Thereafter, although there may be exceptions, the JV vehicle selling price will be revised and determined for each model year. Id. The new selling price for the new model year will be determined by applying to the selling price for the previous model year the Index as defined in Exhibit A. Id. Since the calculations embodied in the Index may occasionally yield a selling price which is at significant variance with then current market conditions, the JV and GM will in such cases negotiate a more appropriate selling price. Id. at 6.

If model changes or specification changes of the vehicle manufactured by the JV are necessary, Toyota, GM and the JV will agree upon these model changes or specification changes. Id. Toyota will present to the JV the plan for the model changes or specification changes concerned.

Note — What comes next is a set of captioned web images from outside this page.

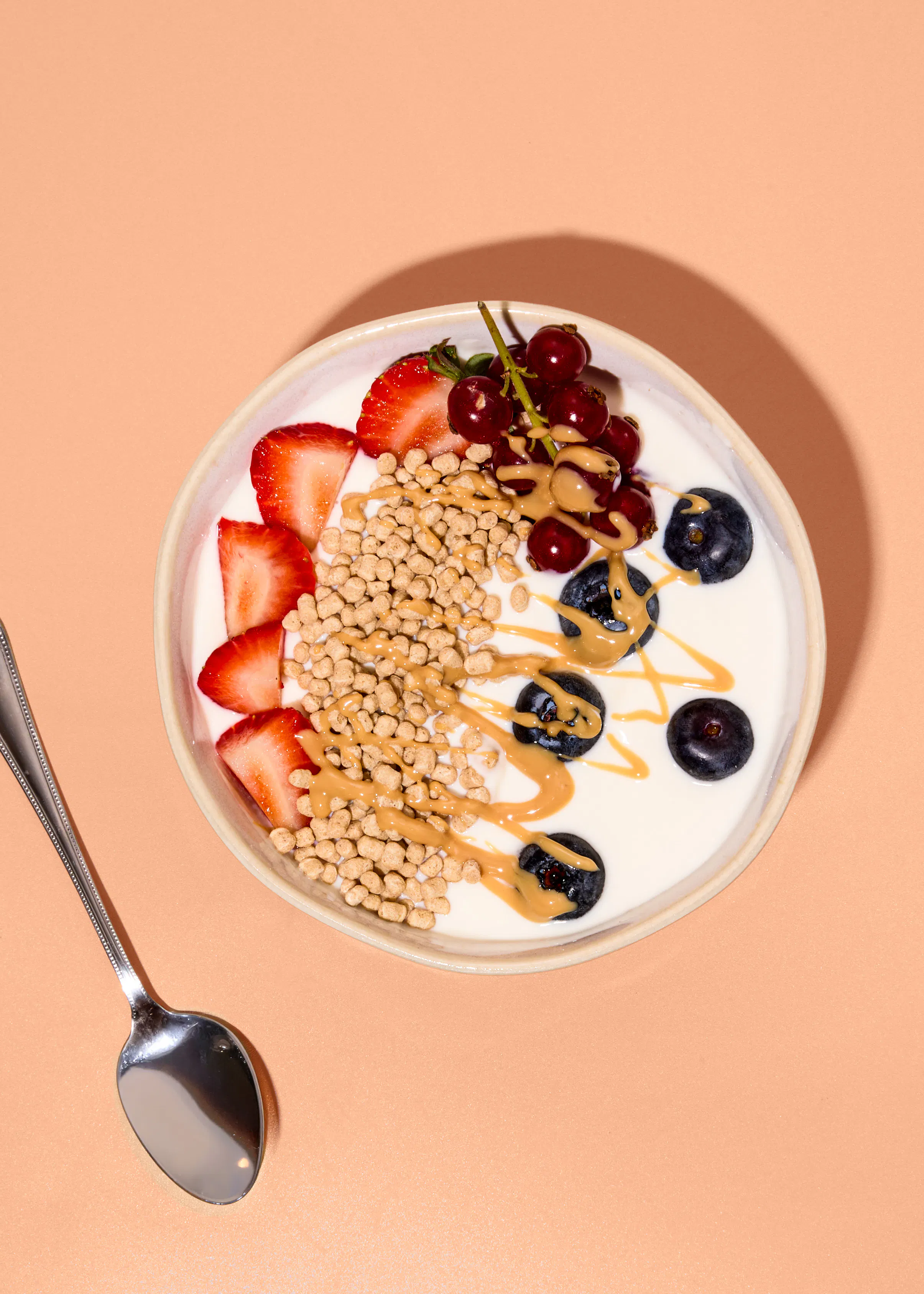 eine schüssel mit joghurt, garniert mit erdbeerscheiben, heidelbeeren, johannisbeeren, knuspermüsli und einem drizzle aus erdnussbutter, daneben liegt ein silberner löffel auf pfirsichfarbenem hintergrund.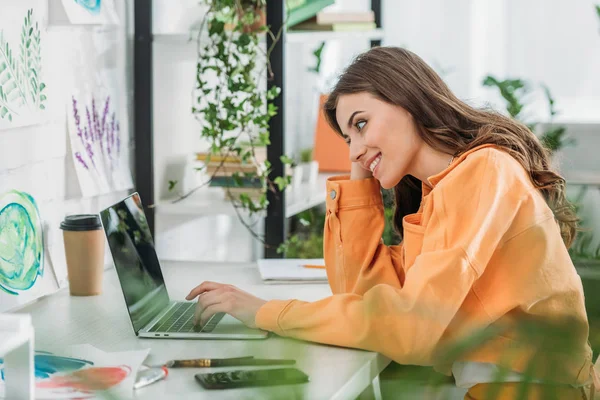 Foco seletivo de alegre jovem mulher sentada na mesa, sorrindo e usando laptop — Fotografia de Stock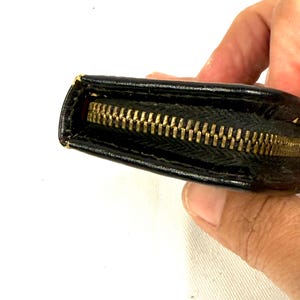 May include: Close-up of a black wallet with a gold zipper. The wallet appears to be made of leather or a similar material. The zipper is fully closed, and the wallet is slightly open, revealing a red interior.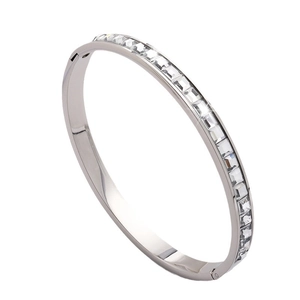 Modern stainless steel silver bangle featuring a single row of square-cut zircon stones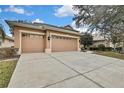 Tan two-car garage with attached house and large driveway at 4381 Caliquen Dr, Brooksville, FL 34604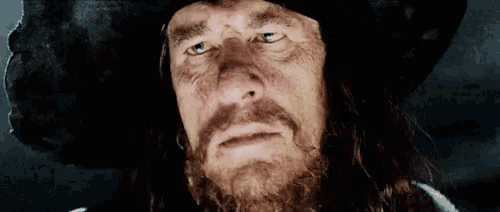 a close up of a man with a beard wearing a hat and looking at the camera .
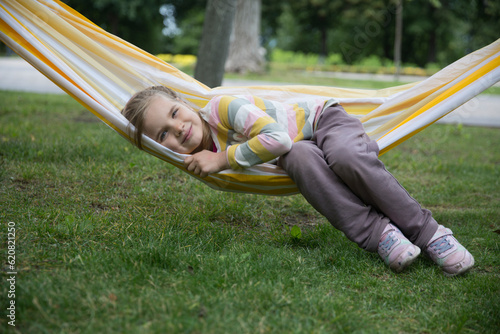 child girl lies in a hammock and have fun in the park in the summer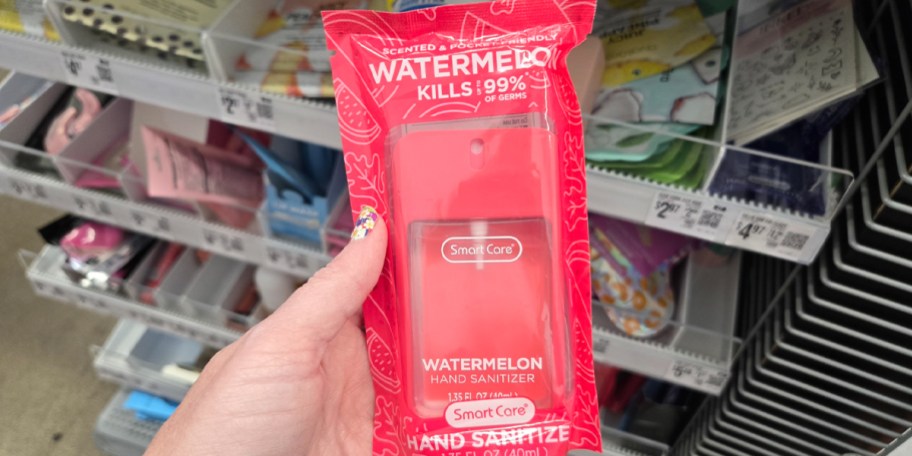 hand holding watermelon hand sanitizer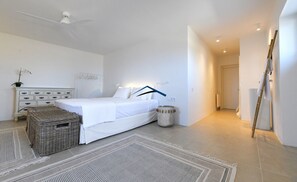 Une chambre à coucher avec un lit, une commode, un panier en osier et une petite table ronde.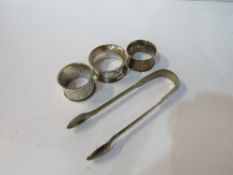 3 silver napkin rings, 2.2ozt & a pair of Georgian silver sugar tongs, 1.6ozt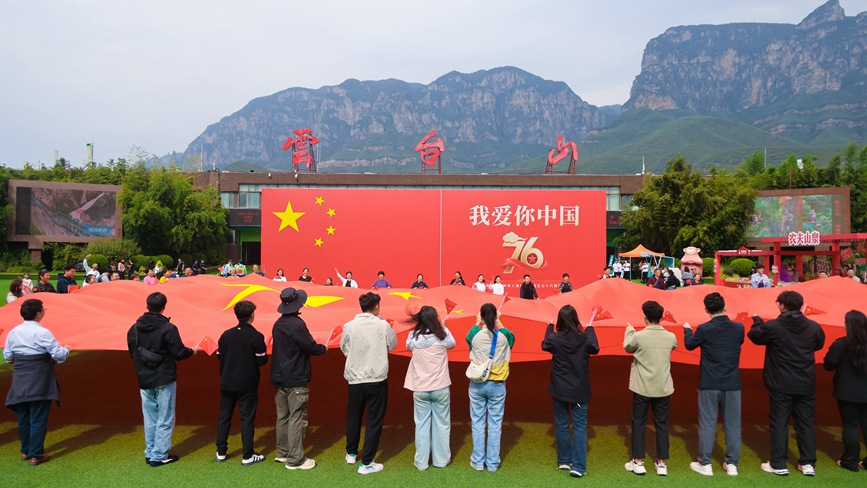 10月1日，云台山百家岩广场，现场游客传递巨幅五星红旗，共同《歌唱祖国》。 孙清新摄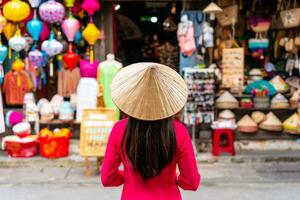 Young female tourist in Vietnamese traditional dress looking at a souvenir shop in Hoi An Ancient town photo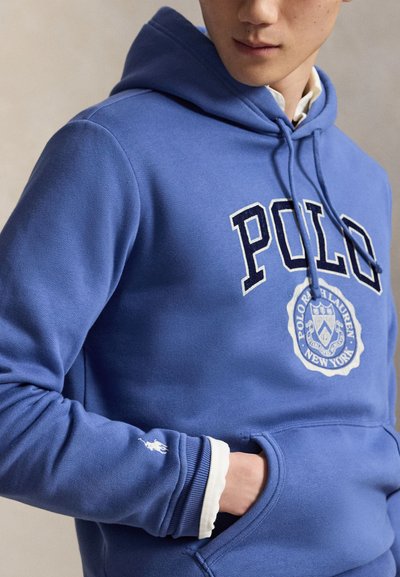 Άτομο που φοράει μπλε φούτερ Polo Ralph Lauren με λογότυπο και έμβλημα στο στήθος, χέρι μερικώς στην μπροστινή τσέπη και λευκή μανσέτα πουκάμισου ορατή.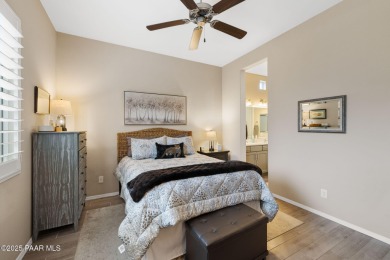 Step into this immaculately maintained 2-bedroom, 2-bathroom on Quail Wood Greens Golf Course in Arizona - for sale on GolfHomes.com, golf home, golf lot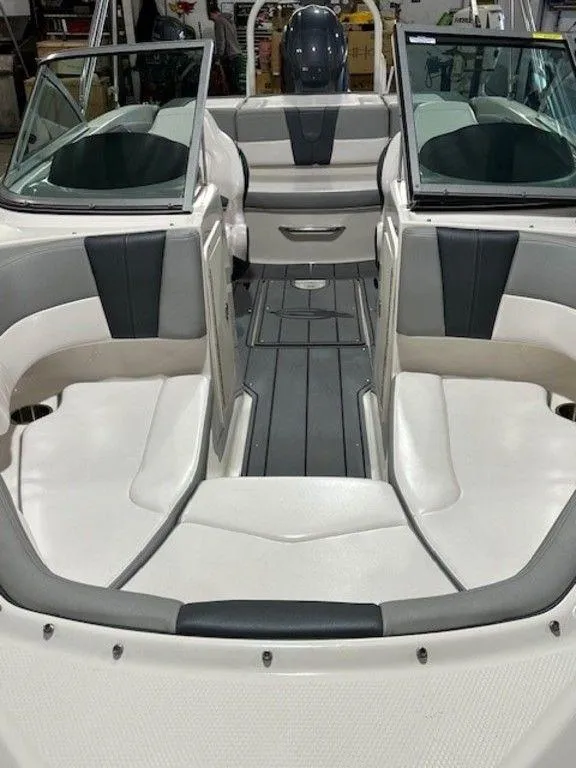 Slide: The Image of 2021 Chaparral 19 SSi boat interior with white and gray seating. - 9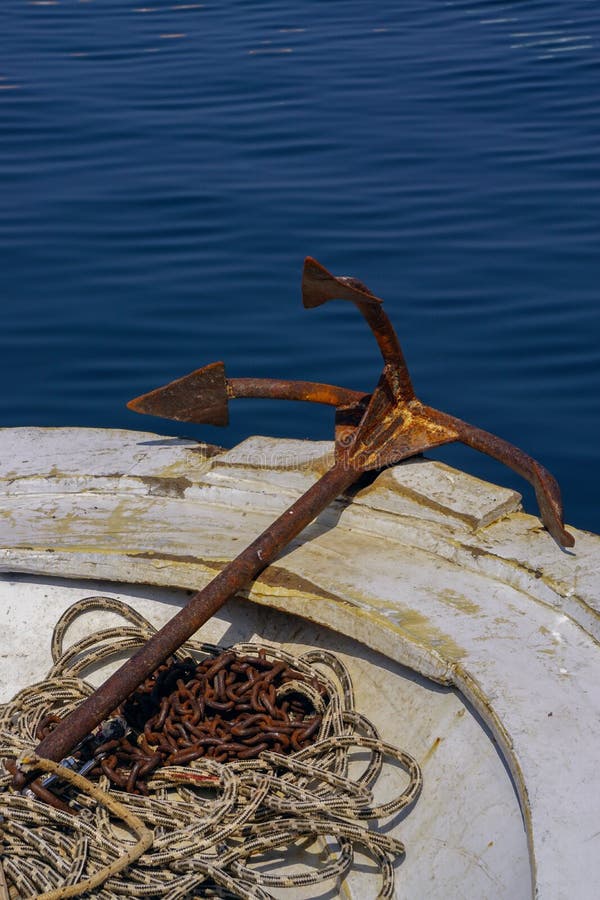 Rusted Anchor Attached To the Rope on the Boat Portrait Stock Photo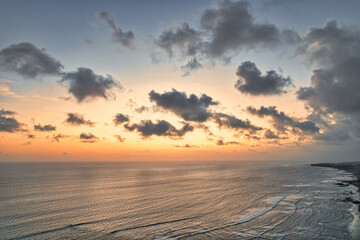 Fototapeta na wymiar Beautiful red orange sunset sunrise over the ocean sea with waves 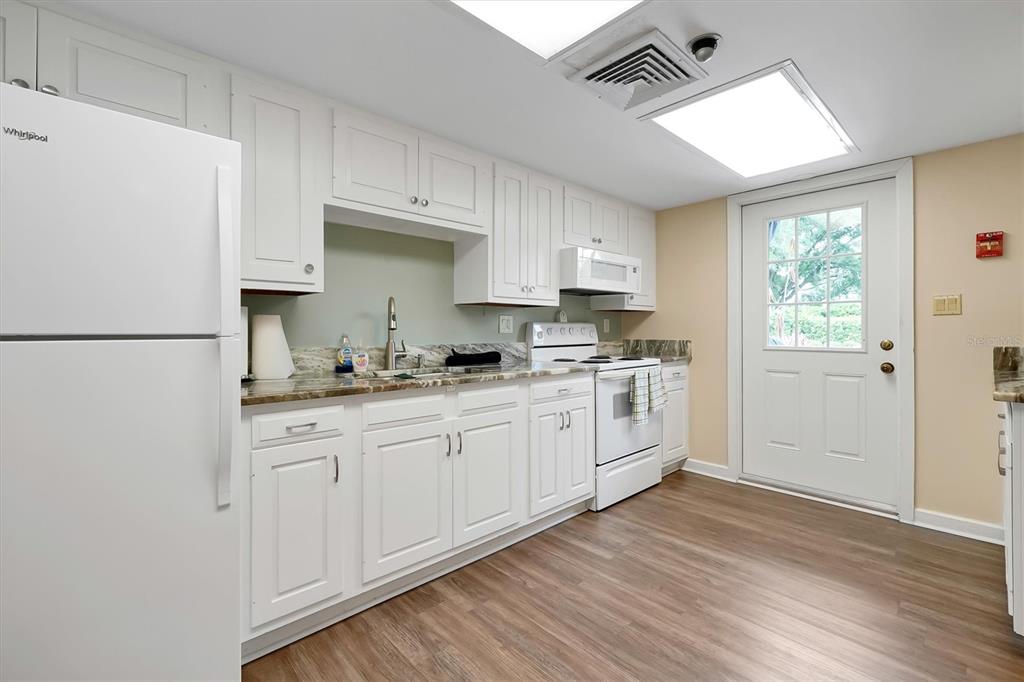 139 Woden Way Winter Haven, FL 33884 - Photo 53 of 60 a kitchen with white cabinets and white appliances
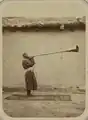 man playing a karnay trumpet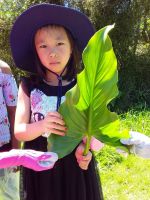Student with arum lily. Photographed by a student of Wakaaranga Primary School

Id. Then, the JV will submit to and negotiate with GM the planned model changes and specification changes together with the planned price changes. These model changes and specification changes will be made as agreed upon by the JV and GM. Id.

The methodology to be employed in pricing optional equipment available on the JV vehicle (both initial and subsequent) will be comparable to that described in the three preceding paragraphs. Id.

The initial prices of Toyota and GM components purchased by the JV will be determined 90 days or more prior to the start of production by negotiation between the JV and component suppliers after the determination of the specifications of the JV vehicle. Id. Identification of the respective sources of supply and determination of the initial component prices will be guided by the feasibility study, with adjustments made for changes in specifications and appropriate economics. Id.

Thereafter, the prices of components will be reviewed semi-annually. Id. at 7. The new prices will be determined by negotiation between the JV and component suppliers. Id.

If it is anticipated that continuation of the above-mentioned methods for determination of the prices of the JV vehicles to be sold by the JV and of components to be purchased by the JV would cause those prices to be at such levels as the JV would incur the losses which could endanger the normal operation of the JV, Toyota, GM and the JV shall negotiate and take necessary measures. Id.

As a fundamental principle, Toyota and GM shall each be free to price and free to market the respective vehicles purchased from the JV without restrictions or influence from the other. Id.

Operating Responsibility

The JV will be jointly controlled by an equal number of Toyota and GM directors, in line with Toyota and GM ownership. Id. Toyota will designate the JV president as the chief executive officer and chief operating officer. Id. Toyota and GM will assign to the JV other operating officers as the JV president and JV directors may request, but the parties recognize that the question of which party shall designate the *1187 JV officers in charge of financial affairs, labor relations and certain other operations has not yet been agreed upon. Id.

Technical Assistance

Toyota will grant to the JV the license to manufacture the vehicle developed by Toyota, and in exchange for this license, the JV will pay a reasonable royalty to Toyota as may be agreed upon by the parties. Id. at 9. Toyota and GM will license the necessary industrial property rights to the JV, and in exchange for these rights, the JV will pay reasonable license fees to Toyota and/or GM as may be agreed upon by the parties. Toyota and GM will also provide technical assistance to the JV on a cost basis plus reasonable markup. Id.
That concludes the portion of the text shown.